▶ _Work to be completed_: Skip the images and copy each record exactly as written.

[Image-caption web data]
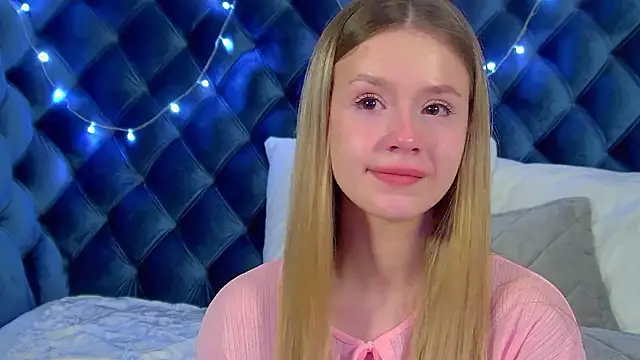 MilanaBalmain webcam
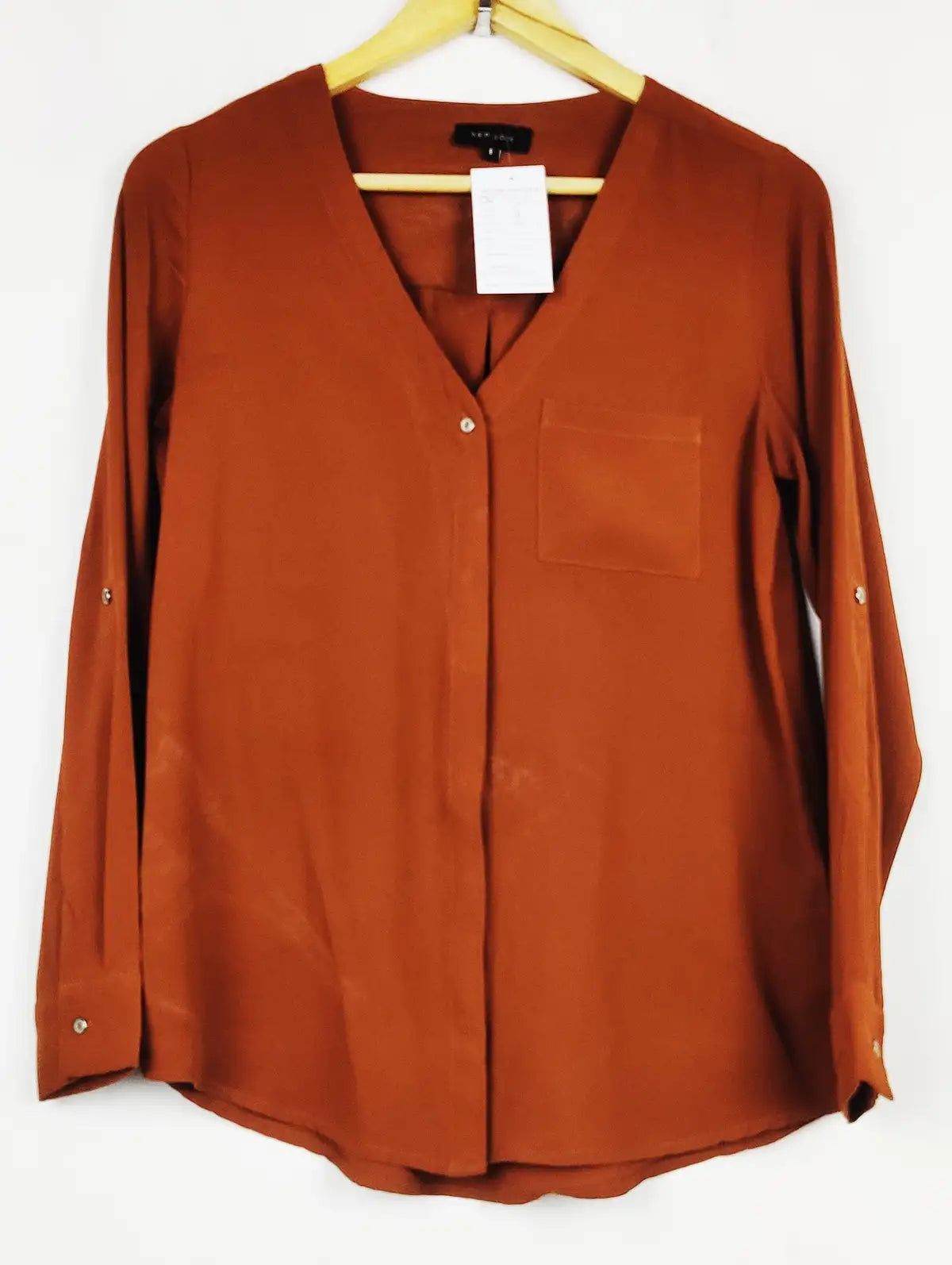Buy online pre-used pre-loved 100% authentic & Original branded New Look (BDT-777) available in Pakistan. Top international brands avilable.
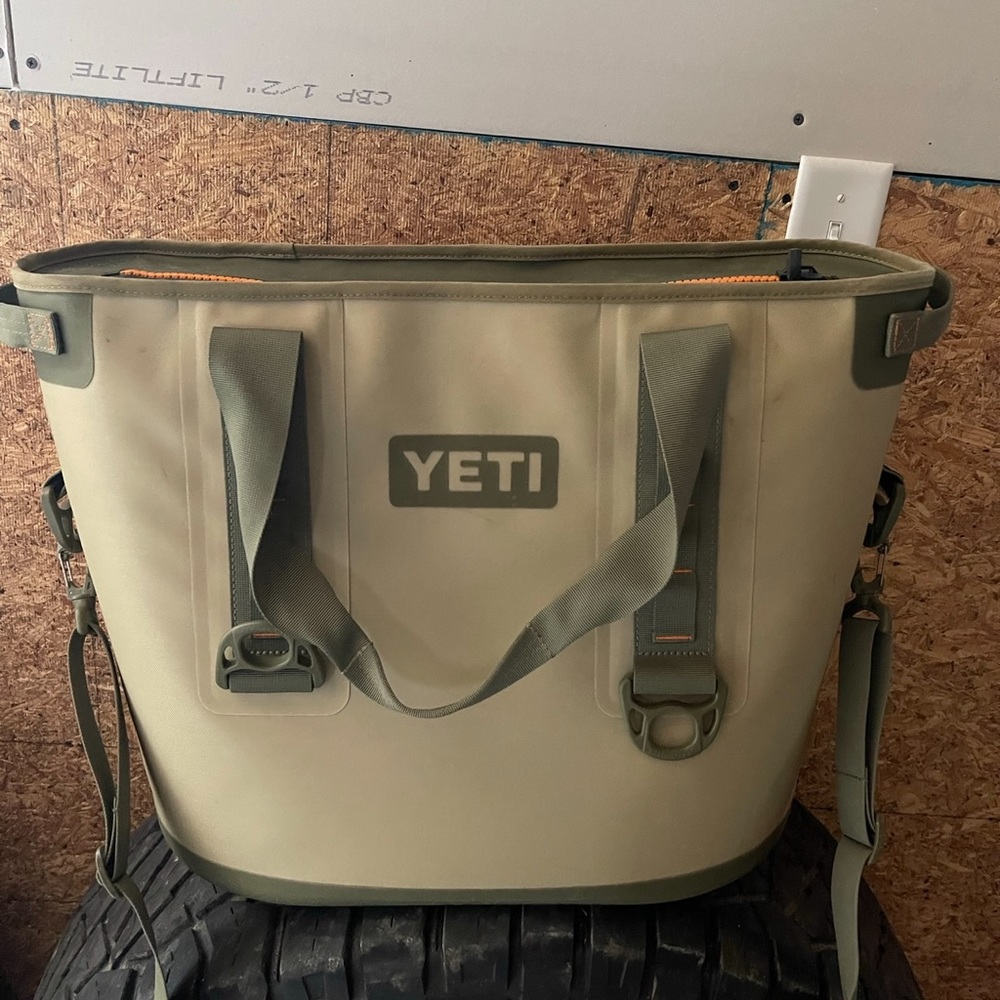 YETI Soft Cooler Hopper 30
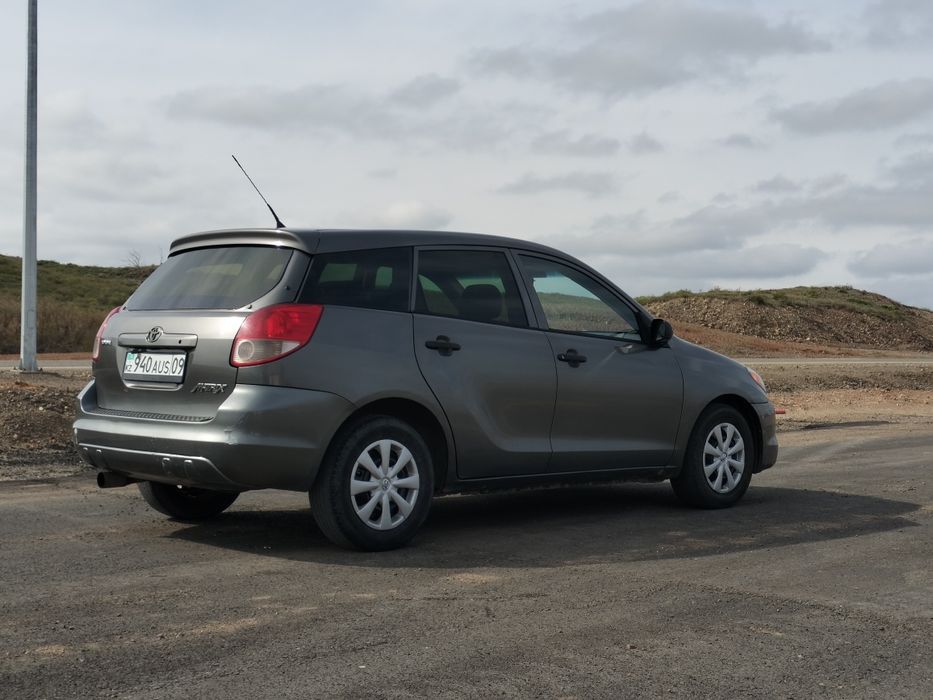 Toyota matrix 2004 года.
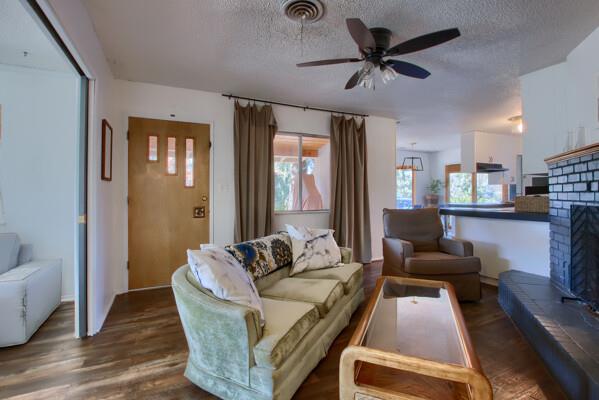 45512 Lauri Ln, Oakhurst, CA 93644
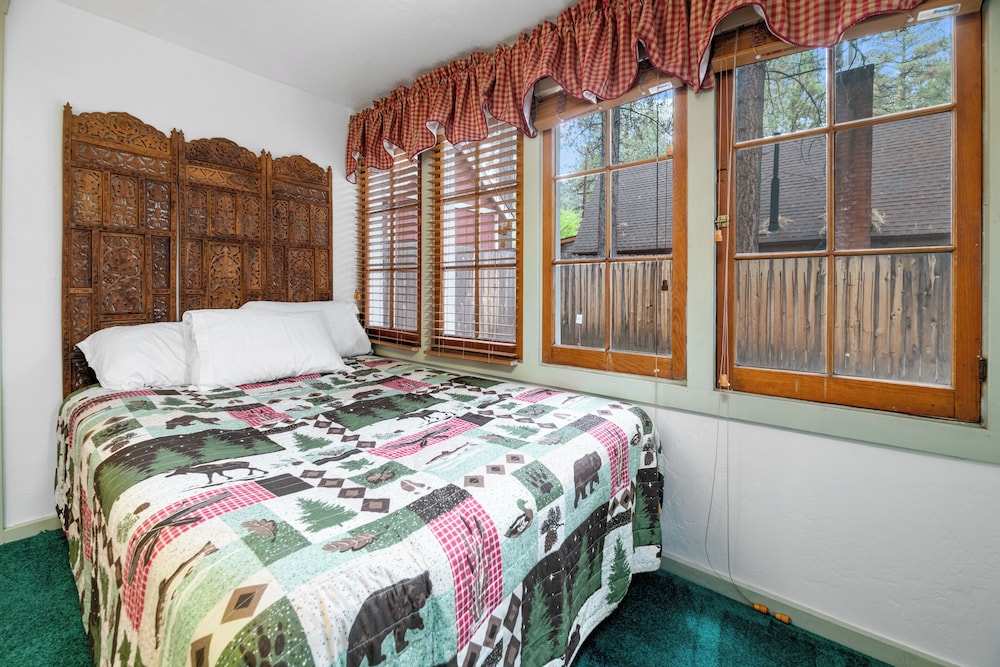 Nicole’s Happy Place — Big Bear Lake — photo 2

▶ _Response to the exercise_:
 MilanaBalmain webcam
Buy online pre-used pre-loved 100% authentic & Original branded New Look (BDT-777) available in Pakistan. Top international brands avilable.
 YETI Soft Cooler Hopper 30
 Toyota matrix 2004 года.
 45512 Lauri Ln, Oakhurst, CA 93644
 Nicole’s Happy Place — Big Bear Lake — photo 2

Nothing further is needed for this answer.